Given information =>
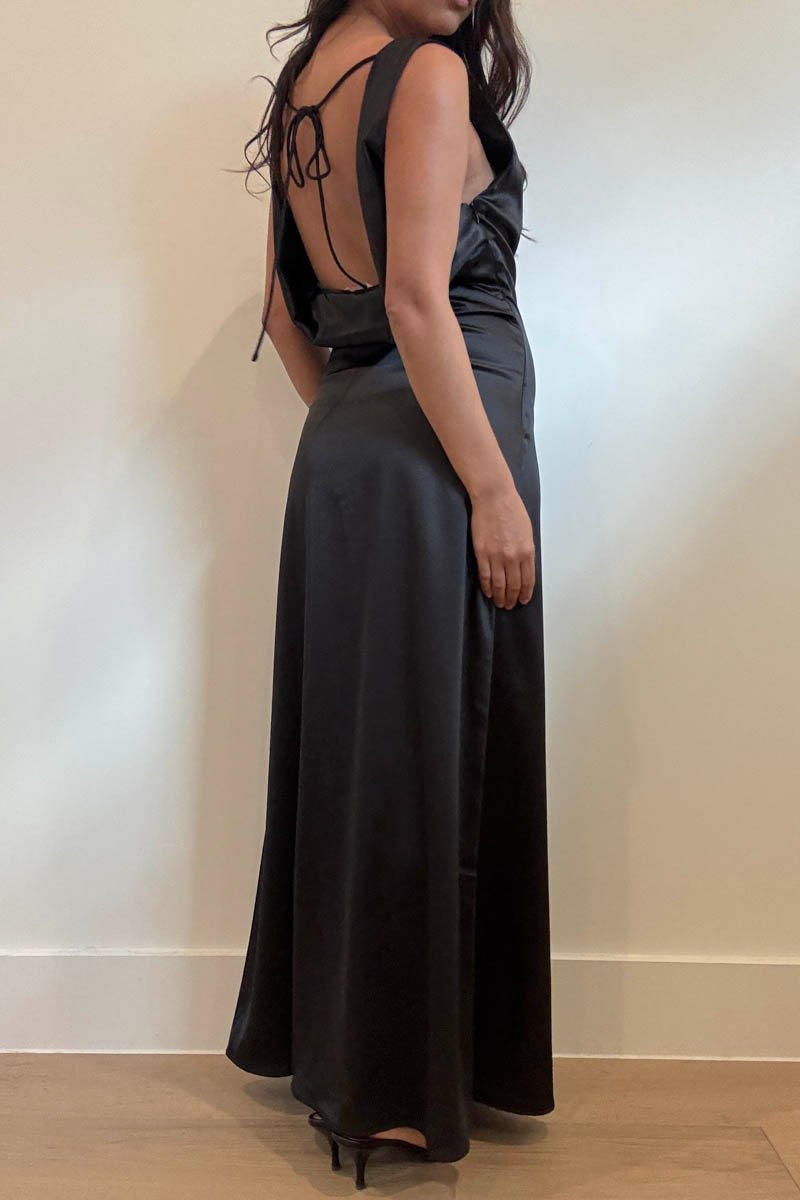 Satin Cowl Neck Maxi Flare Dress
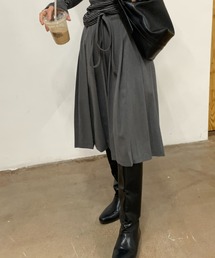 CREARE -LINO-（クレアーレリノ）の「＜レディース商品＞ミディ丈 プリーツスカート／リボン（スカート）」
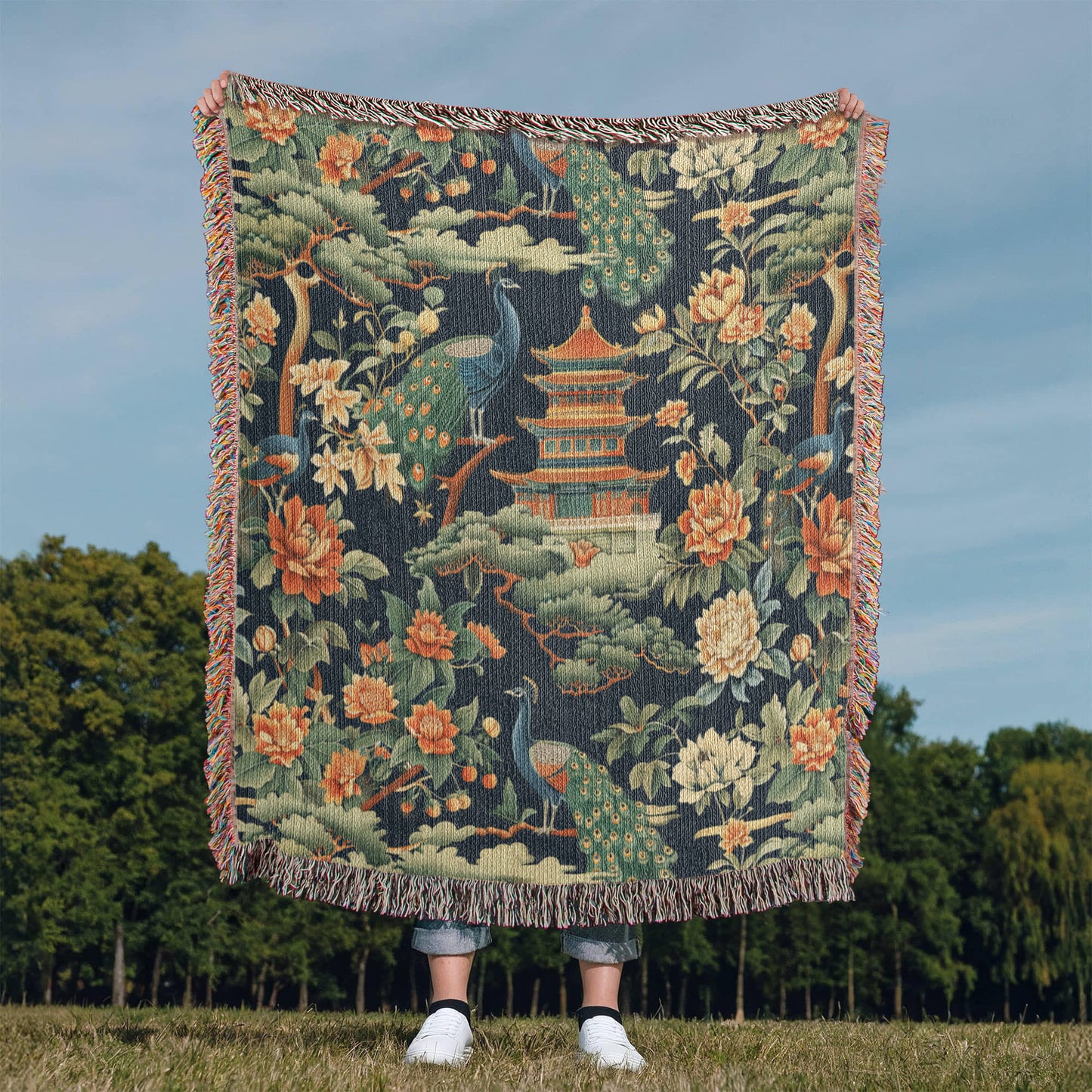 Chinoiserie Pattern 005 - 50" x 60" Heirloom Woven Blanket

Required action =>
Should there be pictures in the data, leave them out and return the rest exactly.

Task answer =>
 Satin Cowl Neck Maxi Flare Dress
 CREARE -LINO-（クレアーレリノ）の「＜レディース商品＞ミディ丈 プリーツスカート／リボン（スカート）」
 Chinoiserie Pattern 005 - 50" x 60" Heirloom Woven Blanket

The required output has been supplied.